CPTR-ReSeqTB/UVP

"Not species specific" when sample is Mycobacterium Tuberculosis

Closed this issue · 5 comments

When checking species specificity, samples can be discarded because Kraken may classify reads as Mycobacterium, rather than Mycobacterium tuberculosis. However, the code (below) only checks for Mycobacterium tuberculosis.

def  runKraken(self):
...
    for lines in fh1:
                fields = lines.rstrip("\r\n").split("\t")
                if fields[5].find("Mycobacterium tuberculosis") != -1:
                   cov += float(fields[0])
            fh1.close()
            if cov < 90:
               self.__CallCommand('mv', ['mv', self.fOut, self.flog])
               #self.__CallCommand('rm', ['rm', self.kraken + "/kraken.txt"])
               self.__logFH.write("not species specific\n")
               i = datetime.now()
               self.__logFH2.write(i.strftime('%Y/%m/%d %H:%M:%S') + "\t" + "Input:" + "\t" + self.input + "\t" + "not species specific\n")
           sys.exit(2) 

The final_report.txt for Kraken contains:

  0.01	407	407	U	0	unclassified
 99.99	3225236	0	-	1	root
 99.99	3225235	3	-	131567	  cellular organisms
 99.99	3225231	114	D	2	    Bacteria
 99.98	3224864	9	-	1783272	      Terrabacteria group
 99.92	3223162	2	P	201174	        Actinobacteria
 99.92	3223160	5	C	1760	          Actinobacteria
 99.92	3223117	21	O	85007	            Corynebacteriales
 99.92	3223094	87	F	1762	              Mycobacteriaceae
 99.92	3223004	2709350	G	1763	                Mycobacterium
 15.83	510550	287089	-	77643	                  Mycobacterium tuberculosis complex
  6.76	218100	200172	S	1773	                    Mycobacterium tuberculosis
  0.44	14259	14259	-	1334058	                      Mycobacterium tuberculosis TRS12

For reference, here is an accession that I have tested:

  • SRR6397355

You are right, edited the line to reflect 'Mycobacterium tuberculosis complex'

Since Kraken can sometimes be too general in its classification (Mycobacterium instead of Mycobacterium tuberculosis), would changing that line to accept "Mycobacterium" work better since then viable samples would not be discarded by UVP?

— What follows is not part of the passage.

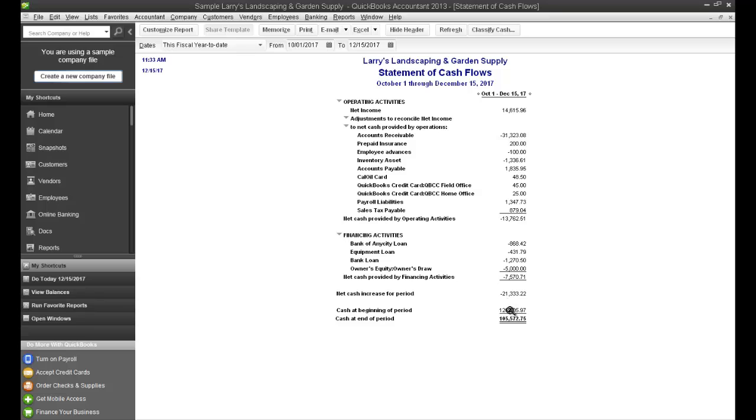And then your cash at the end of the period is $105,000 and at the beginning of the period was $126,000. So hope that helps. If you have any questions, please feel free to give us a call. Thank you.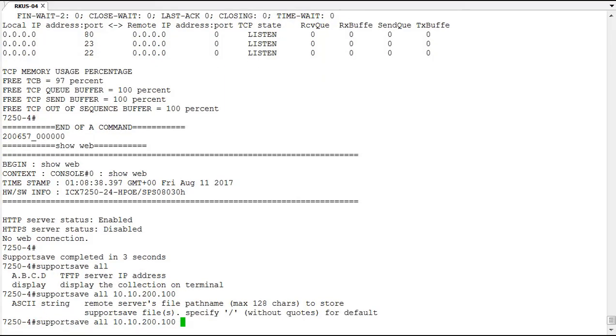So we have to identify where we're going to send this, just say the root and that's what we're going to do here, but we can put within quotes a directory structure of where we want this to go on the TFTP server. We'll just go with the default here.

Actually, wouldn't the find("Mycobacterium tuberculosis") match the "Mycobacterium tuberculosis complex" in addition to all subsequent "Mycobacterium tuberculosis" containing lines?
The issue (I think) may lie in the Kraken database used.
I've compared Kraken results from the Galaxy server (using the bacteria database) and from a local machine (using the standard database) that show the same kind of result that matnguyen got. The Galaxy results showed MTBC cov values at > 90, while the local versions topped out at roughly 25.
Should I be looking at using the Kraken bacteria database instead?